Bei der Kostenerstattung gehen wir von den tatsächlichen Aufwendungen aus und ermöglichen eine zeitnahe Kostenerstat

tung. In der Fraktion, aber auch in der Koalition haben wir uns lange damit auseinander gesetzt, wie wir mit den Zuweisungen des Landes an die örtlichen Träger der Sozialhilfe für deren Mehraufwendungen im Bereich der stationär erbrachten Grundsicherung umgehen. In den letzten zwei Jahren erfolgten diese Zuweisungen des Landes an die Kommunen auf freiwilliger Basis. An der sachlichen Zuständigkeit der Landkreise und kreisfreien Städte hat sich auch mit In-Kraft-Treten des SGB XII nichts geändert. In der Fraktion und in der Koalition sind wir letztlich zu der Auffassung gelangt, dass es unredlich wäre, bereits im Vorgriff auf den Landeshaushalt 2005/2006 solch eine ehemals freiwillige Zuweisung auf eine gesetzliche Grundlage zu stellen. Zudem dürfte es wohl auch den anderen Ressorts gegenüber unfair sein; denn auch dort sind Zuweisungen an die Landkreise und kreisfreien Städte veranschlagt, die in die Diskussion zum Landeshaushalt 2005/2006 einfließen müssen und werden.
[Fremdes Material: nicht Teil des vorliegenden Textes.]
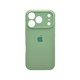 Захисний чохол-накладка Silicone Full Case AA Camera Protect для Apple iPhone 17 Pro Avokado Green (FullAAi17P-51) - зображення 1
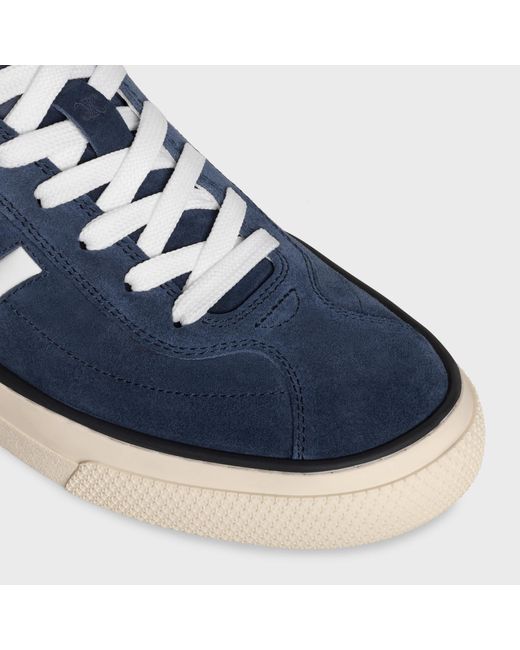 Céline Blue Sunset Low Lace-Up Sneaker for men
Wir bitten Sie, dem vorliegenden Gesetzentwurf zuzustimmen. - Danke.

(Beifall bei der SPD)

Ich danke allen Abgeordneten für ihre Toleranz und Langmut und appelliere an die Kunst des Kürzens.

Während der Abgeordnete Nonninger ans Rednerpult tritt, begrüße ich unsere nächste Besuchergruppe aus dem FriedrichStoy-Gymnasium in Falkenberg. Ich wünsche euch einen erlebnisreichen Nachmittag mit vielen Informationen, einiger Aufklärung und vielleicht auch Unterhaltung bei diesem spannenden Thema.

(Allgemeiner Beifall)

Herr Präsident! Meine Damen und Herren! Wie in vielen Bereichen des gesellschaftlichen Lebens in unserem Land stehen auch über diesem Gesetzentwurf die dunklen Hartz-IV-Wolken. Die Fraktion der DVU als erklärter Gegner der neuen Sozialgesetzgebung versuchte dennoch, ein paar Sonnenstrahlen oder zumindest Aufhellungen zu entdecken. Wir wollen und können uns jedoch aufgrund der bundesrechtlichen Situation der Realität nicht völlig verschließen.